What you have to do: The records follow. Give them all back exactly.

#### Data supplied ####

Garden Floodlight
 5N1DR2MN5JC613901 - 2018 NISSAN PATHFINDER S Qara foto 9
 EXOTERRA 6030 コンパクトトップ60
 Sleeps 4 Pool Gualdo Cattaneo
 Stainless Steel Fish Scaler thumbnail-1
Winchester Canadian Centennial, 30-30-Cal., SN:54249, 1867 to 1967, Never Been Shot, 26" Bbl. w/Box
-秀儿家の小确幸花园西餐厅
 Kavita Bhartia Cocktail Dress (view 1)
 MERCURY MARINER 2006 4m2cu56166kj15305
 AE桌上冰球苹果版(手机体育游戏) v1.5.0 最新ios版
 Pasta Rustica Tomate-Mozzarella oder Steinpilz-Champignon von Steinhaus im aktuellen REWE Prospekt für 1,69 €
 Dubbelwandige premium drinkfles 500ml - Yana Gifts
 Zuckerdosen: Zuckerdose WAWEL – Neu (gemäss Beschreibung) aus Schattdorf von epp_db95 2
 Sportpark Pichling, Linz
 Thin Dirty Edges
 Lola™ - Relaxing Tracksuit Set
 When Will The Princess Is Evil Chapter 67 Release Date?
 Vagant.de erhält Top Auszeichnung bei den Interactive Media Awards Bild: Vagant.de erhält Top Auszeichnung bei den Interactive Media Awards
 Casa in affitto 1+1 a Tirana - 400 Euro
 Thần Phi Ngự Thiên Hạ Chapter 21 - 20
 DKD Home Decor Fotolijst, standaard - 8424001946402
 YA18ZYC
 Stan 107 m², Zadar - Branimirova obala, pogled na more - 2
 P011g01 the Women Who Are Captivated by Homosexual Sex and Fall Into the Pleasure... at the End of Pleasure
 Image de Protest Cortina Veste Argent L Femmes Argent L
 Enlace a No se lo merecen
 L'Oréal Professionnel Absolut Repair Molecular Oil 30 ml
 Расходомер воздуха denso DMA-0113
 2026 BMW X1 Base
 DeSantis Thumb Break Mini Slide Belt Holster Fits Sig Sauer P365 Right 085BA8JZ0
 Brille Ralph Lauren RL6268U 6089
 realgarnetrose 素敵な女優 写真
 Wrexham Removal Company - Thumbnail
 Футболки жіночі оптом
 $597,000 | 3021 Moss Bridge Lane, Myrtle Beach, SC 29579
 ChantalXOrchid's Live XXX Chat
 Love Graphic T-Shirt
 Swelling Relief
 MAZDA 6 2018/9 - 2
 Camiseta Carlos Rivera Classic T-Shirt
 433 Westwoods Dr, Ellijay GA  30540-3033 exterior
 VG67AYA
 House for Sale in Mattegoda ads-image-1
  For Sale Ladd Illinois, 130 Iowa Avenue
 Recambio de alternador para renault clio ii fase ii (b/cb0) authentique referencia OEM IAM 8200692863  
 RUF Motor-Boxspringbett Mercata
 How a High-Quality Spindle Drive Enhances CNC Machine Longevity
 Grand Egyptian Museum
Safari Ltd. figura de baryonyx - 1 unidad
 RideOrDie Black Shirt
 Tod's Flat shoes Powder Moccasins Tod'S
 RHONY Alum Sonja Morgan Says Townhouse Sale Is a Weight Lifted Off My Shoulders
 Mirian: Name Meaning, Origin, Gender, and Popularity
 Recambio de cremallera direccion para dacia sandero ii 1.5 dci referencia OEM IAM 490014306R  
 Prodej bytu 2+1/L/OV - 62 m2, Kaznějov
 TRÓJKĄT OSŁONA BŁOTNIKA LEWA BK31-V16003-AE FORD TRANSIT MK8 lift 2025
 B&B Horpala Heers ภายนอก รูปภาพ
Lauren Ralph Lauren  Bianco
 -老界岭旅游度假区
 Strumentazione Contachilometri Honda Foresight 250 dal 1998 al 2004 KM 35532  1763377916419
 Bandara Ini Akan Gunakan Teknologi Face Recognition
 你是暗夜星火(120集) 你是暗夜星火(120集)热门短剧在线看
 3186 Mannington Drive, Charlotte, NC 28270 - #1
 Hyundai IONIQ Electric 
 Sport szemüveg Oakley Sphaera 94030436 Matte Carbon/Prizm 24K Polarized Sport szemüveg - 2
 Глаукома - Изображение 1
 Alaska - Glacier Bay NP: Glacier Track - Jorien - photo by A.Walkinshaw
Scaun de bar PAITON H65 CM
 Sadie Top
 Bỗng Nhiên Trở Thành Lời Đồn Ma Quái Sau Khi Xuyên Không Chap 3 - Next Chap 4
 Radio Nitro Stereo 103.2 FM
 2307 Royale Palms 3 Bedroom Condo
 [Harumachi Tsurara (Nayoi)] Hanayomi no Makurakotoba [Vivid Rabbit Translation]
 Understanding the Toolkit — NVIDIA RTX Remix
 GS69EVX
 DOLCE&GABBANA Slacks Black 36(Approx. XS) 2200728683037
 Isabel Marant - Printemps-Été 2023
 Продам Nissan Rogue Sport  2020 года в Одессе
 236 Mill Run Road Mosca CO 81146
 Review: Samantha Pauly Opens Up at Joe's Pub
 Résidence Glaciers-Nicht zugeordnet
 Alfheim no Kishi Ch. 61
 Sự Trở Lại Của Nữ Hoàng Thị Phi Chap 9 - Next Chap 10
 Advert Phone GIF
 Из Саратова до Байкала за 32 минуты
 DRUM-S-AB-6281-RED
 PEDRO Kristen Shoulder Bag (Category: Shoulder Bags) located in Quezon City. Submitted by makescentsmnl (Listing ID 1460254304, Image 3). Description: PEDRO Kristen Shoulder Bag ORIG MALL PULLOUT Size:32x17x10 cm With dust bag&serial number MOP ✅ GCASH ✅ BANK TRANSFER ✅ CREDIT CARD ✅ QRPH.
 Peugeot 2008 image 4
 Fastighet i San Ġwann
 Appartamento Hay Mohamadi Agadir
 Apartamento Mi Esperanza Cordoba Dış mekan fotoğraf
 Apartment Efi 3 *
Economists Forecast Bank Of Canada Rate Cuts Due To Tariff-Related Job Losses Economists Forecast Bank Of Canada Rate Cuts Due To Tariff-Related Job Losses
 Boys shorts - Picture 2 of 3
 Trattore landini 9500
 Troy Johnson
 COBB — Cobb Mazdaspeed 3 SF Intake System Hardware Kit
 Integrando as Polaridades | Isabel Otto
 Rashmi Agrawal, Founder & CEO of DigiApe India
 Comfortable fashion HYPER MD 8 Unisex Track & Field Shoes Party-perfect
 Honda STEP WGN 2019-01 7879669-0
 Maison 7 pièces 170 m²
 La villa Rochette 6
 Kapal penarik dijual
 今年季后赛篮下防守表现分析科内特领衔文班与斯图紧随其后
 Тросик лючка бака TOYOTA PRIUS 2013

####

Task response:
Garden Floodlight
 5N1DR2MN5JC613901 - 2018 NISSAN PATHFINDER S Qara foto 9
 EXOTERRA 6030 コンパクトトップ60
 Sleeps 4 Pool Gualdo Cattaneo
 Stainless Steel Fish Scaler thumbnail-1
Winchester Canadian Centennial, 30-30-Cal., SN:54249, 1867 to 1967, Never Been Shot, 26" Bbl. w/Box
-秀儿家の小确幸花园西餐厅
 Kavita Bhartia Cocktail Dress (view 1)
 MERCURY MARINER 2006 4m2cu56166kj15305
 AE桌上冰球苹果版(手机体育游戏) v1.5.0 最新ios版
 Pasta Rustica Tomate-Mozzarella oder Steinpilz-Champignon von Steinhaus im aktuellen REWE Prospekt für 1,69 €
 Dubbelwandige premium drinkfles 500ml - Yana Gifts
 Zuckerdosen: Zuckerdose WAWEL – Neu (gemäss Beschreibung) aus Schattdorf von epp_db95 2
 Sportpark Pichling, Linz
 Thin Dirty Edges
 Lola™ - Relaxing Tracksuit Set
 When Will The Princess Is Evil Chapter 67 Release Date?
 Vagant.de erhält Top Auszeichnung bei den Interactive Media Awards Bild: Vagant.de erhält Top Auszeichnung bei den Interactive Media Awards
 Casa in affitto 1+1 a Tirana - 400 Euro
 Thần Phi Ngự Thiên Hạ Chapter 21 - 20
 DKD Home Decor Fotolijst, standaard - 8424001946402
 YA18ZYC
 Stan 107 m², Zadar - Branimirova obala, pogled na more - 2
 P011g01 the Women Who Are Captivated by Homosexual Sex and Fall Into the Pleasure... at the End of Pleasure
 Image de Protest Cortina Veste Argent L Femmes Argent L
 Enlace a No se lo merecen
 L'Oréal Professionnel Absolut Repair Molecular Oil 30 ml
 Расходомер воздуха denso DMA-0113
 2026 BMW X1 Base
 DeSantis Thumb Break Mini Slide Belt Holster Fits Sig Sauer P365 Right 085BA8JZ0
 Brille Ralph Lauren RL6268U 6089
 realgarnetrose 素敵な女優 写真
 Wrexham Removal Company - Thumbnail
 Футболки жіночі оптом
 $597,000 | 3021 Moss Bridge Lane, Myrtle Beach, SC 29579
 ChantalXOrchid's Live XXX Chat
 Love Graphic T-Shirt
 Swelling Relief
 MAZDA 6 2018/9 - 2
 Camiseta Carlos Rivera Classic T-Shirt
 433 Westwoods Dr, Ellijay GA  30540-3033 exterior
 VG67AYA
 House for Sale in Mattegoda ads-image-1
  For Sale Ladd Illinois, 130 Iowa Avenue
 Recambio de alternador para renault clio ii fase ii (b/cb0) authentique referencia OEM IAM 8200692863  
 RUF Motor-Boxspringbett Mercata
 How a High-Quality Spindle Drive Enhances CNC Machine Longevity
 Grand Egyptian Museum
Safari Ltd. figura de baryonyx - 1 unidad
 RideOrDie Black Shirt
 Tod's Flat shoes Powder Moccasins Tod'S
 RHONY Alum Sonja Morgan Says Townhouse Sale Is a Weight Lifted Off My Shoulders
 Mirian: Name Meaning, Origin, Gender, and Popularity
 Recambio de cremallera direccion para dacia sandero ii 1.5 dci referencia OEM IAM 490014306R  
 Prodej bytu 2+1/L/OV - 62 m2, Kaznějov
 TRÓJKĄT OSŁONA BŁOTNIKA LEWA BK31-V16003-AE FORD TRANSIT MK8 lift 2025
 B&B Horpala Heers ภายนอก รูปภาพ
Lauren Ralph Lauren  Bianco
 -老界岭旅游度假区
 Strumentazione Contachilometri Honda Foresight 250 dal 1998 al 2004 KM 35532  1763377916419
 Bandara Ini Akan Gunakan Teknologi Face Recognition
 你是暗夜星火(120集) 你是暗夜星火(120集)热门短剧在线看
 3186 Mannington Drive, Charlotte, NC 28270 - #1
 Hyundai IONIQ Electric 
 Sport szemüveg Oakley Sphaera 94030436 Matte Carbon/Prizm 24K Polarized Sport szemüveg - 2
 Глаукома - Изображение 1
 Alaska - Glacier Bay NP: Glacier Track - Jorien - photo by A.Walkinshaw
Scaun de bar PAITON H65 CM
 Sadie Top
 Bỗng Nhiên Trở Thành Lời Đồn Ma Quái Sau Khi Xuyên Không Chap 3 - Next Chap 4
 Radio Nitro Stereo 103.2 FM
 2307 Royale Palms 3 Bedroom Condo
 [Harumachi Tsurara (Nayoi)] Hanayomi no Makurakotoba [Vivid Rabbit Translation]
 Understanding the Toolkit — NVIDIA RTX Remix
 GS69EVX
 DOLCE&GABBANA Slacks Black 36(Approx. XS) 2200728683037
 Isabel Marant - Printemps-Été 2023
 Продам Nissan Rogue Sport  2020 года в Одессе
 236 Mill Run Road Mosca CO 81146
 Review: Samantha Pauly Opens Up at Joe's Pub
 Résidence Glaciers-Nicht zugeordnet
 Alfheim no Kishi Ch. 61
 Sự Trở Lại Của Nữ Hoàng Thị Phi Chap 9 - Next Chap 10
 Advert Phone GIF
 Из Саратова до Байкала за 32 минуты
 DRUM-S-AB-6281-RED
 PEDRO Kristen Shoulder Bag (Category: Shoulder Bags) located in Quezon City. Submitted by makescentsmnl (Listing ID 1460254304, Image 3). Description: PEDRO Kristen Shoulder Bag ORIG MALL PULLOUT Size:32x17x10 cm With dust bag&serial number MOP ✅ GCASH ✅ BANK TRANSFER ✅ CREDIT CARD ✅ QRPH.
 Peugeot 2008 image 4
 Fastighet i San Ġwann
 Appartamento Hay Mohamadi Agadir
 Apartamento Mi Esperanza Cordoba Dış mekan fotoğraf
 Apartment Efi 3 *
Economists Forecast Bank Of Canada Rate Cuts Due To Tariff-Related Job Losses Economists Forecast Bank Of Canada Rate Cuts Due To Tariff-Related Job Losses
 Boys shorts - Picture 2 of 3
 Trattore landini 9500
 Troy Johnson
 COBB — Cobb Mazdaspeed 3 SF Intake System Hardware Kit
 Integrando as Polaridades | Isabel Otto
 Rashmi Agrawal, Founder & CEO of DigiApe India
 Comfortable fashion HYPER MD 8 Unisex Track & Field Shoes Party-perfect
 Honda STEP WGN 2019-01 7879669-0
 Maison 7 pièces 170 m²
 La villa Rochette 6
 Kapal penarik dijual
 今年季后赛篮下防守表现分析科内特领衔文班与斯图紧随其后
 Тросик лючка бака TOYOTA PRIUS 2013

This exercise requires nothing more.